II. Portée et appréciation critique de la décision
A. L’évaluation en valeur au jour de la vente et la fixation à 500 euros
L’arrêt consacre une méthode précise d’évaluation, fidèle aux enseignements classiques. Il énonce que « la restitution ne doit pas porter sur le prix convenu, ce qui serait l’exécution de la vente nulle, mais sur la somme correspondant à la valeur réelle du bien qui a été remis en paiement du prix (Cass 1ère civ, 12 décembre 1979 Bull n°318 et 16 mars 1999 Bull n°95). Cette valeur s’apprécie au jour de la vente (Cass com, 18 novembre 1974, Dalloz 1975 p625). » La logique consiste à replacer les patrimoines dans la situation la plus proche de celle de la formation.
Ce choix, préférant le jour de la vente au jour de la restitution évoqué par le texte général, concilie la réforme des obligations avec la finalité propre des restitutions résolutoires. La valeur réelle de la chose échangée prime, afin d’éviter qu’une fluctuation ultérieure, indépendante du vice, ne fausse l’équilibre. L’arrêt maintient ainsi une ligne constante, déjà validée par la jurisprudence de la Cour de cassation.
La détermination chiffrée s’appuie sur l’expertise judiciaire, dont les termes sont clairs. La cour retient que « Il résulte du rapport d’expertise judiciaire que le véhicule était une épave avec une valeur pour pièces de 500 €. » La somme, non contestée, devient la base de la restitution en valeur. La solution est pragmatique. Elle protège l’acheteur en garantissant la restitution du prix et évite l’enrichissement sans cause en allouant la valeur résiduelle au vendeur.
B. L’écartement des dommages-intérêts et la discipline procédurale
La cour refuse toute indemnisation supplémentaire, faute de mauvaise foi établie. Elle rappelle le principe directeur applicable au vendeur non informé du vice, en citant que « Il résulte de l’article 1646 du code civil que si le vendeur ignorait les vices de la chose, il ne sera tenu qu’à la restitution du prix et à rembourser à l’acquéreur les frais occasionnés par la vente. » Cette règle préserve l’équilibre du régime en l’absence de preuve d’une dissimulation intentionnelle.

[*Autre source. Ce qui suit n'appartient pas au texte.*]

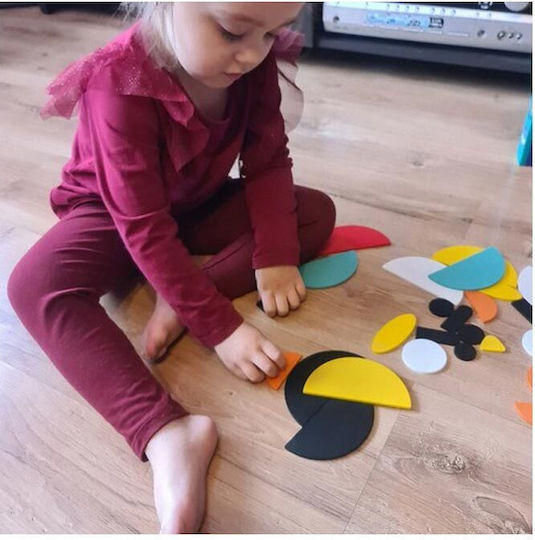 Construction & Building Toys Wooden Construction for Children Aged 3+ Years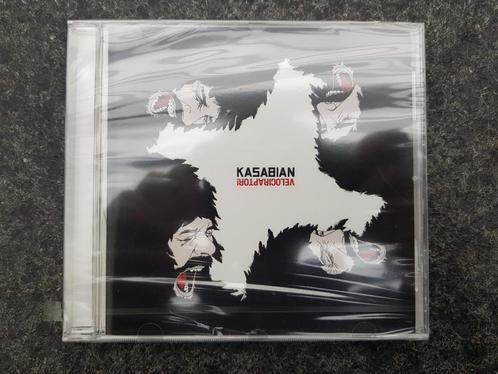 Kasabian - Velociraptor! CD - NIEUW - SEALED, Cd's en Dvd's, Cd's | Rock, Nieuw in verpakking, Ophalen of Verzenden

L’arrêt s’inscrit dans une appréciation concrète de la preuve. L’existence d’un contrôle technique récent ne mentionnant pas la corrosion, l’absence d’indices convergents de connaissance effective et le bref intervalle de revente militent contre la qualification de mauvaise foi. La critique est mesurée. Elle s’accorde avec l’exigence probatoire en matière de dol ou de connaissance du vice.
Sur le terrain procédural, la cour confirme le rejet de la demande pour comportement dilatoire. Elle rappelle utilement que « L’article 32-1 du code de procédure civile dispose que celui qui agit en justice de manière dilatoire ou abusive peut être condamné à une amende civile d’un maximum de 10 000 euros, sans préjudice des dommages-intérêts qui seraient réclamés. » L’appel en garantie envisagé en première instance ne dégénérait pas en abus, dès lors que l’incertitude technique initiale et la position de profane du vendeur étaient établies.
Cette appréciation des accessoires demeure cohérente avec l’économie générale de l’arrêt. L’allocation d’une indemnité procédurale à l’acheteur, corrélée à la charge des dépens supportée par le vendeur, répond à un souci d’équité sans infléchir le principe posé sur l’absence de faute dolosive. L’ensemble consolide une solution équilibrée, respectueuse des standards probatoires et des finalités restitutoires.